A summary of archaeological finds, artistic achievements and tragic losses in 2014
Turkey’s internationally acclaimed director Nuri Bilge Ceylan’s film 'Kış Uykusu' (Winter Sleep) wins the top Palme d’Or prize at the 67th Cannes International Film Festival on May 24, 32 years after 'Yol' (The Way), written by Yılmaz Güney and directed by Şerif Gören in 1982.The awe-inspiring discovery of a Byzantine basilica in İznik and a massive underground city near Cappadocia bookended 2014, but the year also brought with it times of triumph in the cultural sphere, as well as farewells to doyens of archaeology.

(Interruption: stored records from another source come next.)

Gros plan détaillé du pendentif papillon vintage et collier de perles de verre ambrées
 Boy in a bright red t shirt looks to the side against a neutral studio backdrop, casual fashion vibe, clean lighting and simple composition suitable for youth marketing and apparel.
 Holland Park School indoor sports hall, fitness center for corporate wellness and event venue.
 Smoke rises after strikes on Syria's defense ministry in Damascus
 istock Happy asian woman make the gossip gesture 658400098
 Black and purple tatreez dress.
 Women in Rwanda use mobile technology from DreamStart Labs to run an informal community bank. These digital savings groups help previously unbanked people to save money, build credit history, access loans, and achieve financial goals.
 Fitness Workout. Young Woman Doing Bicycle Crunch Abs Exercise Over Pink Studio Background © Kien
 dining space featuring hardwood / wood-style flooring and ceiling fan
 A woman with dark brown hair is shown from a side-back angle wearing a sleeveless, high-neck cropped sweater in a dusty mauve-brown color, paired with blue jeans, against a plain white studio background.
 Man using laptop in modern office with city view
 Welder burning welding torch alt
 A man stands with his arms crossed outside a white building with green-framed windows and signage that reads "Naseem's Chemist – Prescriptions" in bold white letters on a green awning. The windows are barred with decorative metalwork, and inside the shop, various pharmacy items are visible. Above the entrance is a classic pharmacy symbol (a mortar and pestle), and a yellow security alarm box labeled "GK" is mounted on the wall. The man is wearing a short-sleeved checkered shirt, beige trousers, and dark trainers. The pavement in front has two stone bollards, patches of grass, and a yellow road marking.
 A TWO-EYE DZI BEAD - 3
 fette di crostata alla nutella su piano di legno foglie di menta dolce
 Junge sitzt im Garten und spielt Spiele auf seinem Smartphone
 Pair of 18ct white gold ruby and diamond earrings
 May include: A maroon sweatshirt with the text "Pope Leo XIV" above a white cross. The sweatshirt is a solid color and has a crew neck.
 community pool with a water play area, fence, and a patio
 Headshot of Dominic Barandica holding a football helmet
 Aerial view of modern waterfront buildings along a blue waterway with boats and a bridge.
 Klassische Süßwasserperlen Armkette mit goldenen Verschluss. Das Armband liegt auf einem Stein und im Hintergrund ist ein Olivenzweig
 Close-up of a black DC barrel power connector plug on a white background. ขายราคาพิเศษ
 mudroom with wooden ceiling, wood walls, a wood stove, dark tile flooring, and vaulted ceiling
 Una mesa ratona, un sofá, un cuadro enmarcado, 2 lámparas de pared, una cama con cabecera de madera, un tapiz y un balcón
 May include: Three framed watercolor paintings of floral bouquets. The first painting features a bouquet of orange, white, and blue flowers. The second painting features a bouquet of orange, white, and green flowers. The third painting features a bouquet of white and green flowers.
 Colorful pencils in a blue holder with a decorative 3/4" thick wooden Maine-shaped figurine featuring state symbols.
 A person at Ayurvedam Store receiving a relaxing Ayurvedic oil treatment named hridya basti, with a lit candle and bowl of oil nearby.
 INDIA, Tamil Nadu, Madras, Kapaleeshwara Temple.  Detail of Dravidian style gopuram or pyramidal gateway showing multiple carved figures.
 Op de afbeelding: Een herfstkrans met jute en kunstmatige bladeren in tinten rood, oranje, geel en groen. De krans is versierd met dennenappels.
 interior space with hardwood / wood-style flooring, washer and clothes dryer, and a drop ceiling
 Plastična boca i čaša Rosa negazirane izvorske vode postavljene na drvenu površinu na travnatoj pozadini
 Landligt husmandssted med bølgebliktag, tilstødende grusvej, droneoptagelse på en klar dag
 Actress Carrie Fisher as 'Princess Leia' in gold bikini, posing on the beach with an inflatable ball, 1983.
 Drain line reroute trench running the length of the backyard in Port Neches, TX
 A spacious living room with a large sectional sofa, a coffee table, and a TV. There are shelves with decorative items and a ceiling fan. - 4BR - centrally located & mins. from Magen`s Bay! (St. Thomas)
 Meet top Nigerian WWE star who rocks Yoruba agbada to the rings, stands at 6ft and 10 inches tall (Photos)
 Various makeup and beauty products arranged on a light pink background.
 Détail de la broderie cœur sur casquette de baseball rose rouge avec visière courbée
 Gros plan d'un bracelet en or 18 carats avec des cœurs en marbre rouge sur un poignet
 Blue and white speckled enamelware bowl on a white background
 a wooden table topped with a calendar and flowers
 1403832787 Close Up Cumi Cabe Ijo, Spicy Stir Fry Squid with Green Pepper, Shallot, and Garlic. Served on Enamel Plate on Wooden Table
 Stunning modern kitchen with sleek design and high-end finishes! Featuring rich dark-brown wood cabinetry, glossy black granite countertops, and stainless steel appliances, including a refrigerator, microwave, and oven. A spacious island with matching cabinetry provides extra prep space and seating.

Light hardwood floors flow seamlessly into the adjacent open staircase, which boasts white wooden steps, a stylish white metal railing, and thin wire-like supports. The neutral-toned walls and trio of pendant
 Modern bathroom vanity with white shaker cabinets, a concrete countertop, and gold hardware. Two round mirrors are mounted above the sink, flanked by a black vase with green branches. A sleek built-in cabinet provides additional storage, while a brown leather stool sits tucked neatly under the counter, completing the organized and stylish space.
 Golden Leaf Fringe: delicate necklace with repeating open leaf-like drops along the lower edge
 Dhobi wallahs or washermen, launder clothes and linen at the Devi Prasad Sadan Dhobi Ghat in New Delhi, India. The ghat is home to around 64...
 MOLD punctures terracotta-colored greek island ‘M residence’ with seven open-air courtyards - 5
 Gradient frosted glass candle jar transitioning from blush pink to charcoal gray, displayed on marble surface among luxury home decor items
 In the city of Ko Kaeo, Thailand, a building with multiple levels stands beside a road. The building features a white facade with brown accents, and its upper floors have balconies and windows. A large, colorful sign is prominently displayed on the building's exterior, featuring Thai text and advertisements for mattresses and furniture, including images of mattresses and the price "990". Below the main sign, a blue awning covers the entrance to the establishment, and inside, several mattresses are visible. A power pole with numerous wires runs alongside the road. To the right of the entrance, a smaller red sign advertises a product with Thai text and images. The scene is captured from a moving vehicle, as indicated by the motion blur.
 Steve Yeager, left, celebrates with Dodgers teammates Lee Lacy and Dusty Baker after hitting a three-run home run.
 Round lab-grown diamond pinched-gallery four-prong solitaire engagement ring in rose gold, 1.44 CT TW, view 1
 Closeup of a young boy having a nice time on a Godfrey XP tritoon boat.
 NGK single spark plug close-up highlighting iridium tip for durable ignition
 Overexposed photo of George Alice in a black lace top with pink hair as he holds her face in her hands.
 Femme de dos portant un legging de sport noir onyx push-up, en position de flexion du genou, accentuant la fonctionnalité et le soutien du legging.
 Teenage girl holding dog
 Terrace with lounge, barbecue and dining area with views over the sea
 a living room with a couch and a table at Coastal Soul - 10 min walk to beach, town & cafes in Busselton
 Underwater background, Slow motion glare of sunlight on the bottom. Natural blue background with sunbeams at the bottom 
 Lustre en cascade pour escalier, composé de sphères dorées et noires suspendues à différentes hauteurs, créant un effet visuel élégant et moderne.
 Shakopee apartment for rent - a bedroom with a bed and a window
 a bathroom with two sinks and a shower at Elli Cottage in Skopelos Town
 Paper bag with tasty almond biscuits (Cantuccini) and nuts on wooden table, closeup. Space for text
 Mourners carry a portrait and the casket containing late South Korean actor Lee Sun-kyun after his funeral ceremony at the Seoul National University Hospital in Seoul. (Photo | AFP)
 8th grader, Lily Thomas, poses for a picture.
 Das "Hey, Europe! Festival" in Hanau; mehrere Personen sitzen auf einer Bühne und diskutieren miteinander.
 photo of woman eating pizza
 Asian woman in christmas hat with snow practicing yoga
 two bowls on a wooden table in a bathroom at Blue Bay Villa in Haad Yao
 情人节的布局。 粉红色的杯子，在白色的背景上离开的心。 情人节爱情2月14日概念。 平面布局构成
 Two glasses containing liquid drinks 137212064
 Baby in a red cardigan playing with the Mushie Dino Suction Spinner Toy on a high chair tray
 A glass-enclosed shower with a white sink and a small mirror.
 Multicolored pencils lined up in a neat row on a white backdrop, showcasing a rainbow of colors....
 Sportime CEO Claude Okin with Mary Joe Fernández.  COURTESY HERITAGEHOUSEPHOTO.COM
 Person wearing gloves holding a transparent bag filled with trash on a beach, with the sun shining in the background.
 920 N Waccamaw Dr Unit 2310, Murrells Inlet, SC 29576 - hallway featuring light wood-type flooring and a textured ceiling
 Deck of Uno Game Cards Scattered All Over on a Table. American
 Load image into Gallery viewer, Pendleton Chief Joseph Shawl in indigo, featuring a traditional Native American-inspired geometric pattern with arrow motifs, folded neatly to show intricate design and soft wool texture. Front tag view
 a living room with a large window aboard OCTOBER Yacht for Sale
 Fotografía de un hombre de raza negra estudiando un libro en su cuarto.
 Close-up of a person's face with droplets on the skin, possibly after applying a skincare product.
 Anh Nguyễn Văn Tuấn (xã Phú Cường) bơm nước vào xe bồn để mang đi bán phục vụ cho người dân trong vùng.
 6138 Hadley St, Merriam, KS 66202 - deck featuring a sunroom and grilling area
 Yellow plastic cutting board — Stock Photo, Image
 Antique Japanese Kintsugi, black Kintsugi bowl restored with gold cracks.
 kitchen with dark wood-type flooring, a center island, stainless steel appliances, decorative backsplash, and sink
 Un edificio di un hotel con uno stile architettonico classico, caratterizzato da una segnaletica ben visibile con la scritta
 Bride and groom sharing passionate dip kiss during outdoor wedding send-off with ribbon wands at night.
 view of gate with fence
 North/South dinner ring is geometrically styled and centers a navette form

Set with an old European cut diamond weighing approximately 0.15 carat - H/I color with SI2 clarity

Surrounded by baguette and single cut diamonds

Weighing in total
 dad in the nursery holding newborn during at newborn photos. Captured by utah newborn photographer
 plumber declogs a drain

Doyenne of Turkish archaeology dies aged 98
Jan 12, 2014
One of the most important figures in the archaeology world, retired Istanbul University Professor Halet Çambel, dies aged 98. Born in Berlin, Çambel received undergraduate training in archaeology at the Sorbonne University in Paris and received a doctorate in 1940 from the University of Istanbul. After World War II she began studying with German Professor Helmuth Bossert. In 1974, both came to Karatepe-Aslantaş in the southern province of Osmaniye, and Çambel went on to dedicate almost her entire life to the region. She spent her life for a long time in Karatepe-Arslantaş, first living in a tumulus and then in a modest two-room house. She played a key role in the understanding of Hittite hieroglyphics by discovering a tablet with the Phoenician alphabet, which allowed philologists to decipher the inscription.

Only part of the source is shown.